*** DATA
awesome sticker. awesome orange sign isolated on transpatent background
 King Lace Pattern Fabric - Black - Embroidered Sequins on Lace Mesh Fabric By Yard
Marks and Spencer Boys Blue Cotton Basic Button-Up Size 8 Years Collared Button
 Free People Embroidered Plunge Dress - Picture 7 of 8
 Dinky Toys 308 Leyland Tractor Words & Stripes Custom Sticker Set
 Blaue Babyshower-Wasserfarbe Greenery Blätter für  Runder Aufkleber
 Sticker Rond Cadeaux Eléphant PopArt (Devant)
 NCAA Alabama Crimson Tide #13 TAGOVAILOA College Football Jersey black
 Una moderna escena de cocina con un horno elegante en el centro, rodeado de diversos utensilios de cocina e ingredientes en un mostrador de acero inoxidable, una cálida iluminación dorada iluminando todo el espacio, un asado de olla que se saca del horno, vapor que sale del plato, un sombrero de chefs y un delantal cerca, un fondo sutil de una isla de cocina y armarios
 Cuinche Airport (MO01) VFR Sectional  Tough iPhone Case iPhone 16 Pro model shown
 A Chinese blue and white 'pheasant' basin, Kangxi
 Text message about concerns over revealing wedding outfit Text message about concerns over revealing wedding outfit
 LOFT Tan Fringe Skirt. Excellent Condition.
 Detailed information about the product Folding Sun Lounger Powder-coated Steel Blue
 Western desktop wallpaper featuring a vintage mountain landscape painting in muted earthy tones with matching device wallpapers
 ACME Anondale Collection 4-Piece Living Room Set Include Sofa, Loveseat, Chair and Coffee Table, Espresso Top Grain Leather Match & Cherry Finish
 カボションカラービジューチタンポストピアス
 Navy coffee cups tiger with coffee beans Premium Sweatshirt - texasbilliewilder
******
*TASK:* Throughout the data above, copy all lines where the word "with" is found.

*SOLVED PROBLEM:*
 Western desktop wallpaper featuring a vintage mountain landscape painting in muted earthy tones with matching device wallpapers
 Navy coffee cups tiger with coffee beans Premium Sweatshirt - texasbilliewilder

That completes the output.